--- What the task requires ---
Transcribe the data exactly, pictures excluded.

Segment Start: Data for the task

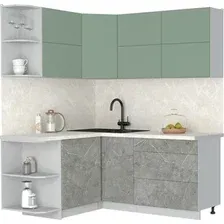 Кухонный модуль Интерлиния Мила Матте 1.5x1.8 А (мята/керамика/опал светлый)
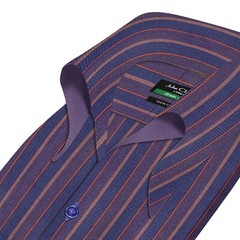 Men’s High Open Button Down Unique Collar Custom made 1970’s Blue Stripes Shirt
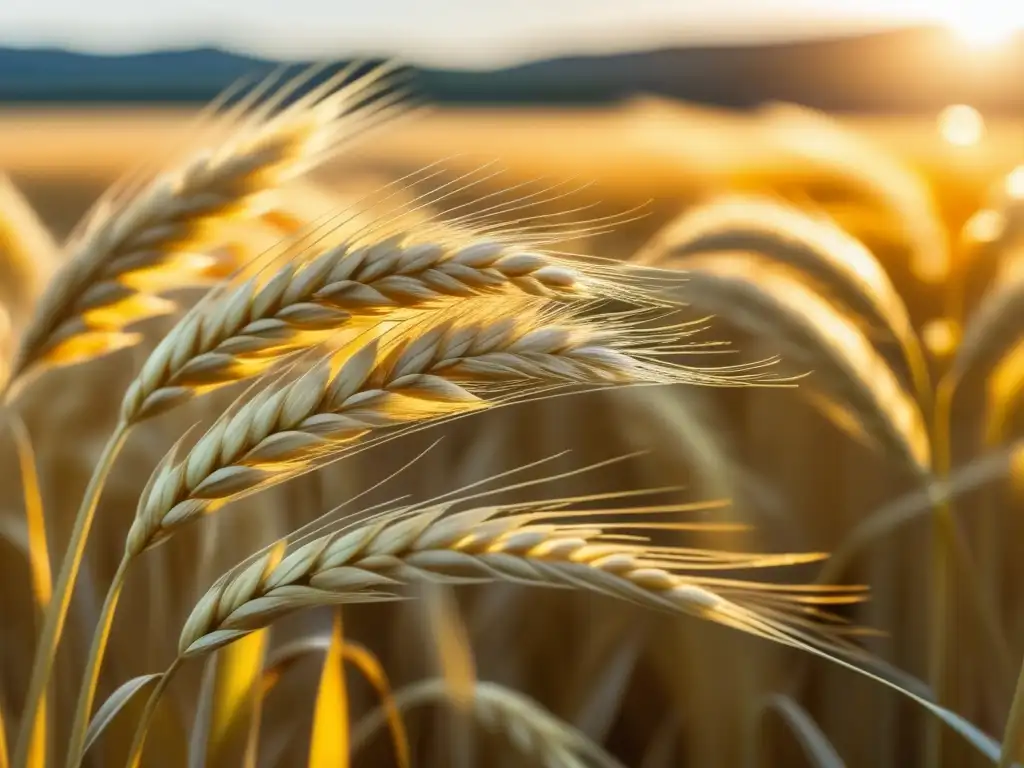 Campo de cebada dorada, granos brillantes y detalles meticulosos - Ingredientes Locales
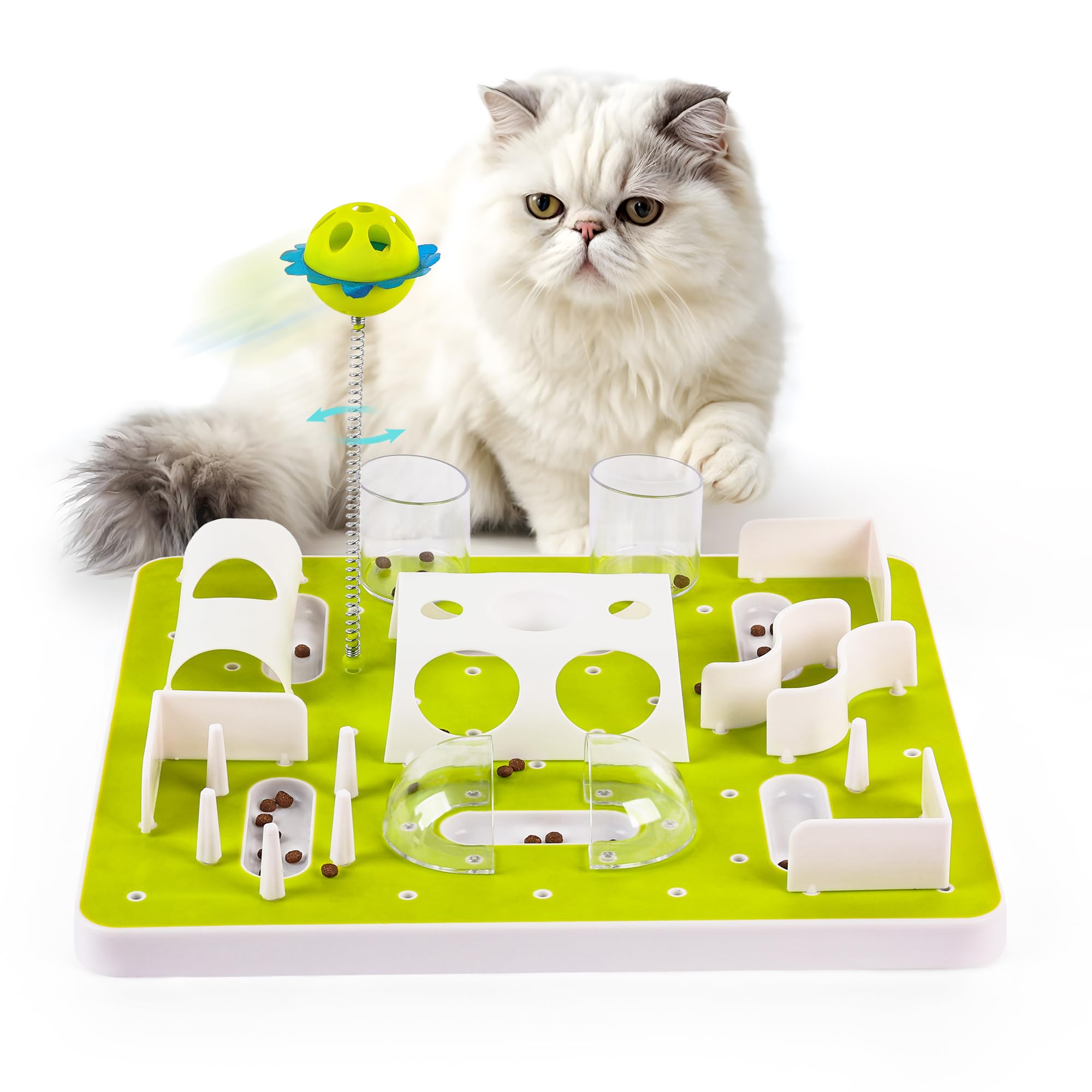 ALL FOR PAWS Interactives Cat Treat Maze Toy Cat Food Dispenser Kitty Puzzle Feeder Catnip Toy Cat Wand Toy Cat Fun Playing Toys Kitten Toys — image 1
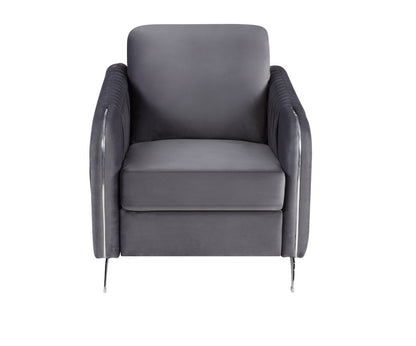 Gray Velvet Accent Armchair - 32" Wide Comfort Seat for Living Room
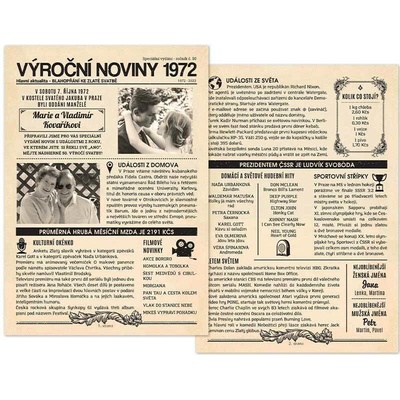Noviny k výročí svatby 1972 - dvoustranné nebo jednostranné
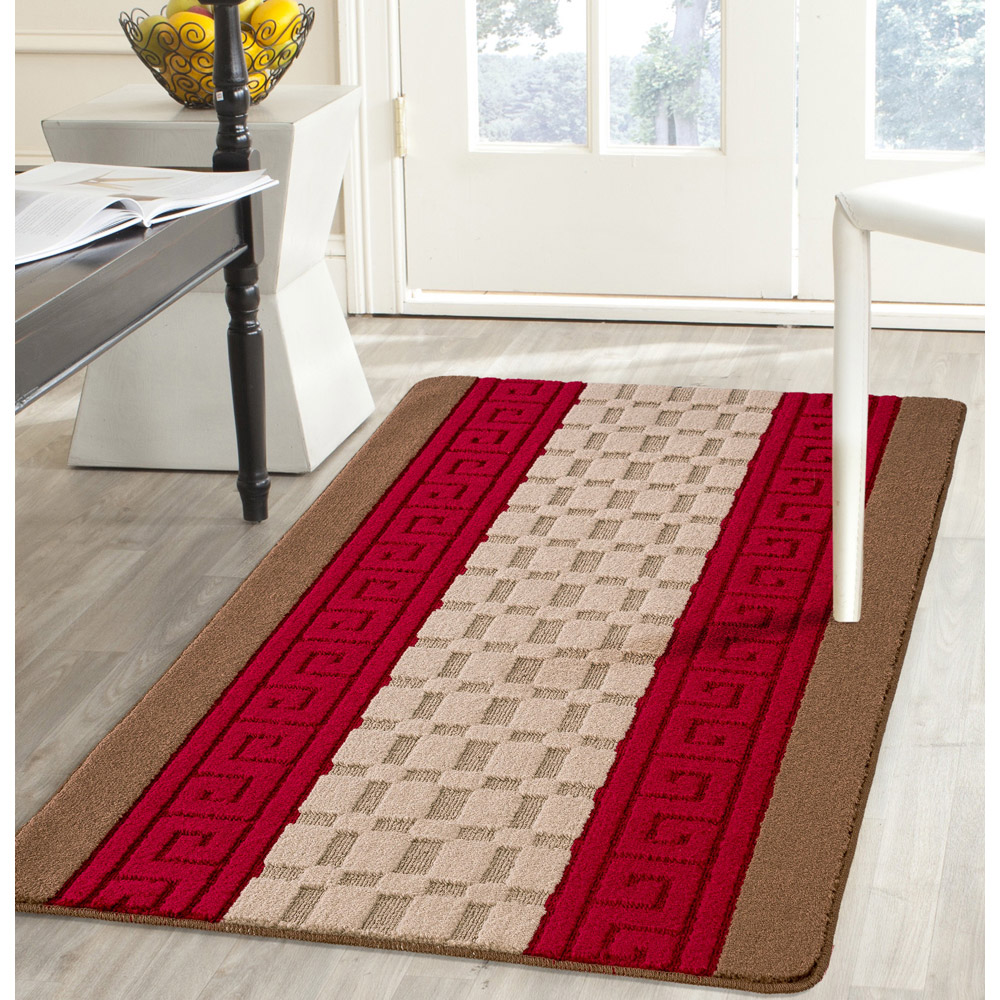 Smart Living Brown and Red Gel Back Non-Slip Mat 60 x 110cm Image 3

Segment End: Data for the task

--- Response below ---
 Кухонный модуль Интерлиния Мила Матте 1.5x1.8 А (мята/керамика/опал светлый)
 Men’s High Open Button Down Unique Collar Custom made 1970’s Blue Stripes Shirt
 Campo de cebada dorada, granos brillantes y detalles meticulosos - Ingredientes Locales
 ALL FOR PAWS Interactives Cat Treat Maze Toy Cat Food Dispenser Kitty Puzzle Feeder Catnip Toy Cat Wand Toy Cat Fun Playing Toys Kitten Toys — image 1
 Gray Velvet Accent Armchair - 32" Wide Comfort Seat for Living Room
Noviny k výročí svatby 1972 - dvoustranné nebo jednostranné
 Smart Living Brown and Red Gel Back Non-Slip Mat 60 x 110cm Image 3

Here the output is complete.